Donde un ídolo reina, que se nombra

La noche, en trono de misterio y sombra,

Alcanzará, quien visionario ambule,

aquella penumbrosa, última Tule.[1]

Los versos: «Mas quien cruza sus lindes aún viviente / No osa nunca mirarte frente a frente / Sus secretos profundos jamás fía», en el contexto del cuento pueden asociarse a don Hernán, quien jamás fía sus secretos. La frase «Tal  lo manda su Rey, su Rey nos veda…» puede vincularse también a don Hernán, que simboliza el poder (en la frase se apela a dicho poder). Toda la parte final del epígrafe nos remite a Lía, pues el hombre impide que ella transgreda los límites. Lía intentó transgredirlos porque no se conformó con su papel pasivo, como Lótar, el auténtico conformista.

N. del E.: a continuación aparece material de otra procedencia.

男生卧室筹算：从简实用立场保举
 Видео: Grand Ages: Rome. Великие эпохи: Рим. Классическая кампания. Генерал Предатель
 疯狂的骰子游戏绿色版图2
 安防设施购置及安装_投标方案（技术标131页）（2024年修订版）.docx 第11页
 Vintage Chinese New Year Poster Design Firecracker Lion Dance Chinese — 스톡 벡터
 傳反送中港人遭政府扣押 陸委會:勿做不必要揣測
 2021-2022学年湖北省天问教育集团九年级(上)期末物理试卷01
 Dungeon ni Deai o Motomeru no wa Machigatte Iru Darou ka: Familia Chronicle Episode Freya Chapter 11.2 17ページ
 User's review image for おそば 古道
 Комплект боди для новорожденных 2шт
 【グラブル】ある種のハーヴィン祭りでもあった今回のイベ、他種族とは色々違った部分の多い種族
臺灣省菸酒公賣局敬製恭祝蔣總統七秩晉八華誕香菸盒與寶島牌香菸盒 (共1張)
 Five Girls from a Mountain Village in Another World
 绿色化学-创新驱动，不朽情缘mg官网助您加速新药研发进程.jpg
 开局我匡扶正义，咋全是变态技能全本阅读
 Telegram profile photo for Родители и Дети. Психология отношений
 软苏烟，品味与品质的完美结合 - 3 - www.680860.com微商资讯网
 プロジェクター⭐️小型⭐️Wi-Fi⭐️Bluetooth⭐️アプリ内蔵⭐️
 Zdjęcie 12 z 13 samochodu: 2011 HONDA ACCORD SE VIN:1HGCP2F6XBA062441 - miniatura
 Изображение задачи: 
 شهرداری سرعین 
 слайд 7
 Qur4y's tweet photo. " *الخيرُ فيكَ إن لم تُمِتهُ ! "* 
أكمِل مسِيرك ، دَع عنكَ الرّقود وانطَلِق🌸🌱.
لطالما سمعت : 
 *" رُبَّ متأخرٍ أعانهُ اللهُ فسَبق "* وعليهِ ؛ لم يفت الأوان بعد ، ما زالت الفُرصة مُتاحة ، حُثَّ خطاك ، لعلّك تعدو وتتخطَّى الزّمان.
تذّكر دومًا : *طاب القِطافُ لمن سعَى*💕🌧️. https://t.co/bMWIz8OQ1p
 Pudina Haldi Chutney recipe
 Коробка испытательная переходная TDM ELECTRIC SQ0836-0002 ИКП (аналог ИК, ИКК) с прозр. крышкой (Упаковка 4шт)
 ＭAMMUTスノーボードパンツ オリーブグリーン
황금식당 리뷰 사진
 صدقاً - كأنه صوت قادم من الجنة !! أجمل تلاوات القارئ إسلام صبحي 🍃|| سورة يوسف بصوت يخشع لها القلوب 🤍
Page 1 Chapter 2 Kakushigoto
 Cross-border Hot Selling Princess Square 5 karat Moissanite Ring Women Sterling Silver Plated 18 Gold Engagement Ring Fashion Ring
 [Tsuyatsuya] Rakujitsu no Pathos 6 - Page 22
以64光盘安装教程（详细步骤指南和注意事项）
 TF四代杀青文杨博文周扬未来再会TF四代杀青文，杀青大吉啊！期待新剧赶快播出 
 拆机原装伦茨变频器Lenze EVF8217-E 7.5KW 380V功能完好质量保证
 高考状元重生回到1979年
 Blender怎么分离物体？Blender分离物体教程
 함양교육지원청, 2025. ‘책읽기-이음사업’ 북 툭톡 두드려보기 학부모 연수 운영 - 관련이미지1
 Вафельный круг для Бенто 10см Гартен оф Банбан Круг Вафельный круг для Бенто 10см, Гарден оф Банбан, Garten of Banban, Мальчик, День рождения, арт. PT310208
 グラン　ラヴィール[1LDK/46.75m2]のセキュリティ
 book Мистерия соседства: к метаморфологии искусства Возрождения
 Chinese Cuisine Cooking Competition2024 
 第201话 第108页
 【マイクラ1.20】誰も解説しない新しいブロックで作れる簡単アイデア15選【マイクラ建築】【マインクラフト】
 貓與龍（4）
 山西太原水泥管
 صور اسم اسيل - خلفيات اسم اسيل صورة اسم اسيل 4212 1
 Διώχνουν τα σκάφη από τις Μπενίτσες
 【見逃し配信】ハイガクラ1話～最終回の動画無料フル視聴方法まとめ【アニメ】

Me parece que Arredondo construyó la historia (por lo menos en parte) a partir del poema de Poe y de lo que ya comenté sobre el personaje real, uno de los fundadores de la hacienda El Dorado: Alejandro Redo. Arredondo también conocía muy bien la Biblia porque en Sinaloa tuvo una educación religiosa, pero luego, al igual que el resto de su generación, y al igual que muchos otros, renuncia definitivamente a la idea de dios. Se vuelve atea, si bien permanece aquel sustrato religioso y a menudo la autora parodia o invierte aspectos bíblicos. Pero independientemente de estos datos, en el cuento la mirada erotiza al objeto, a un objeto que al final se negó a seguir siéndolo para adoptar un papel activo, pero el poder no lo permitió. Lótar recupera su lugar en la casa.

 


Este ensayo forma parte del libro Avatares literarios en México, publicado en 2017 por la Universidad Autónoma de la Ciudad de México (UACM) en su colección al margen.

 

[1] De «Dream-land», cito sólo la parte que toma la escritora: «For the heart whose woes are legion/ ‘Tis a peaceful, soothing region-/ For the spirit that walks in shadow/ ‘Tis- oh, ‘tis an Eldorado!/ But the traveller, travelling through it,/ May not- dare not openly view it!/ Never its mysteries are exposed/ To the weak human eye unclosed;/ So wills its King, who hath forbid/ The uplifting of the fringed lid;/ And thus the sad Soul that here passes/ Beholds it but through darkened glasses.// By a route obscure and lonely,/ Haunted by ill angels only,/ Where an Eidolon, named night,/ On a black throne reigns upright,/ I have wandered home but newly/ From this ultimate dim Thule».